Linux: Linux maruchan 4.10.0-20-generic #22-Ubuntu SMP Thu Apr 20 09:22:42 UTC 2017 x86_64 x86_64 x86_64 GNU/Linux

Expected Behavior

Performance on the benchmark below consistently regresses when running JRuby with -Xcompile.invokedynamic=true.

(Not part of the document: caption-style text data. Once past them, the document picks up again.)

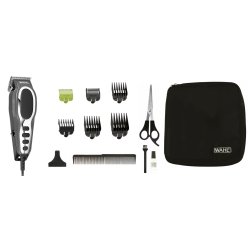 Wahl Close Cut 20105.0460 Gris 7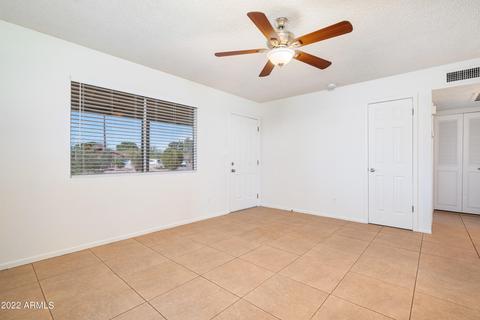 4038 E Grove St, Phoenix, AZ 85040 photo 9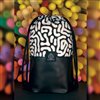 photo MAZE BAG - Zainetto/Sacca 1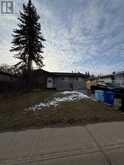 217 Hillcrest Drive Fort McMurray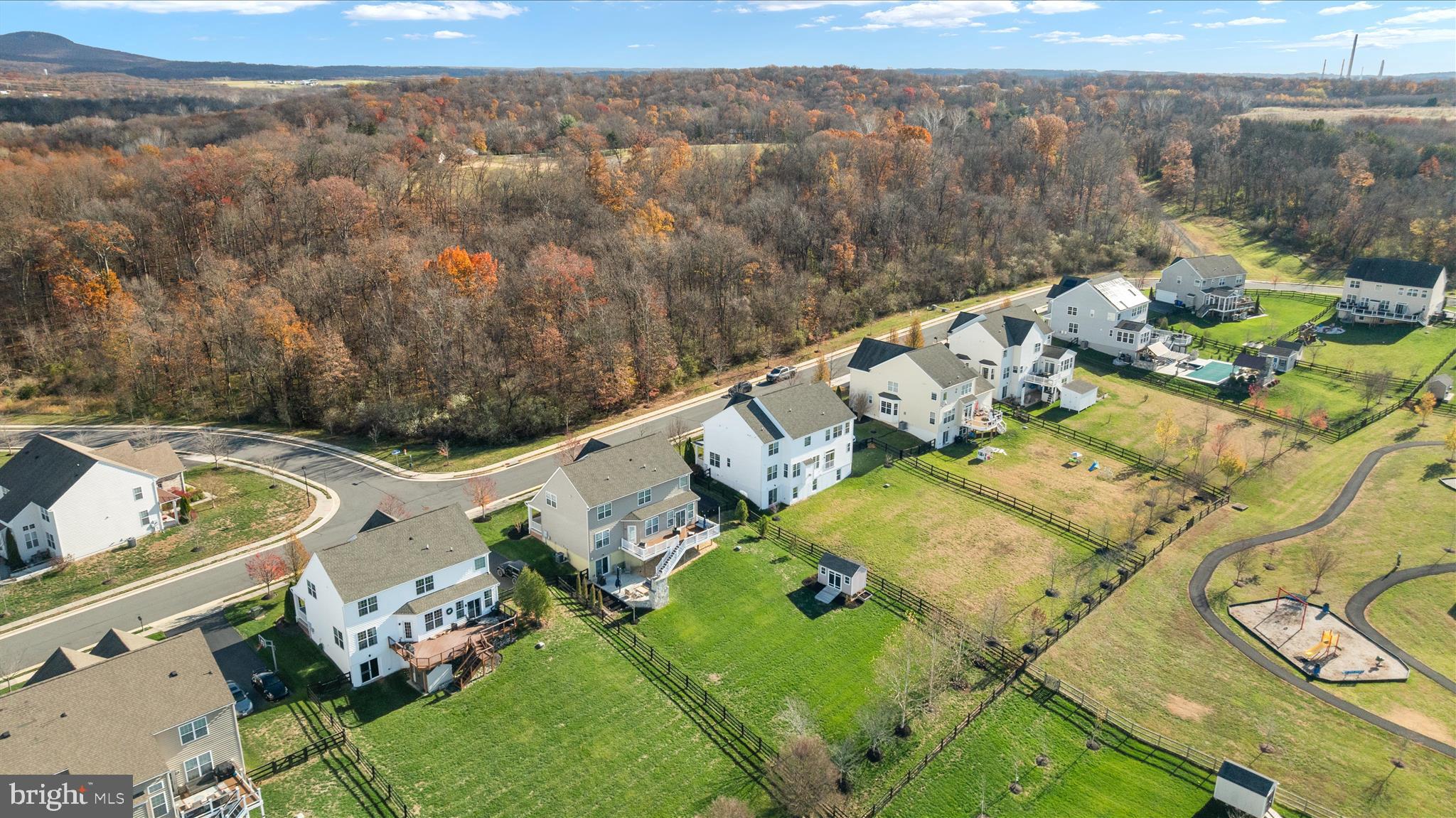 13467 EAGLES REST DRIVE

I was under the impression that after warmup, running JRuby with invokedynamic should never be slower than without it, but that does not seem to be the case on this benchmark.

require 'benchmark/ips'

require 'oat'
require 'oat/adapters/hal'

class Foo
  attr_reader :foo, :bar, :baz

  def initialize(**values)
    values.each do |(key, value)|
      respond_to?(key) ? instance_variable_set(:"@#{key}", value) : raise
    end
  end
end

class FooSerializer < Oat::Serializer
  adapter Oat::Adapters::HAL

  schema do
    property :foo, item.foo
    property :bar, item.bar
    property :baz, item.baz
  end
end

puts "Running with #{RUBY_DESCRIPTION} (JRUBY_OPTS: #{ENV['JRUBY_OPTS']})"

FOO = Foo.new(foo: 1, bar: 2, baz: 'baz')

Benchmark.ips do |benchmark|
  benchmark.time = 120
  benchmark.warmup = 120

  benchmark.report('FooSerializer') { FooSerializer.new(FOO).to_hash }

  benchmark.compare!
end

Actual Behavior

  • Without invokedynamic: FooSerializer 251.627k (±23.9%) i/s - 28.264M in 120.011879s
  • With invokedynamic: FooSerializer 33.785k (± 6.9%) i/s - 4.032M in 120.030513s

I've also tested with latest master and while the numbers go up slightly in either case, the general relation between the two results keeps the same.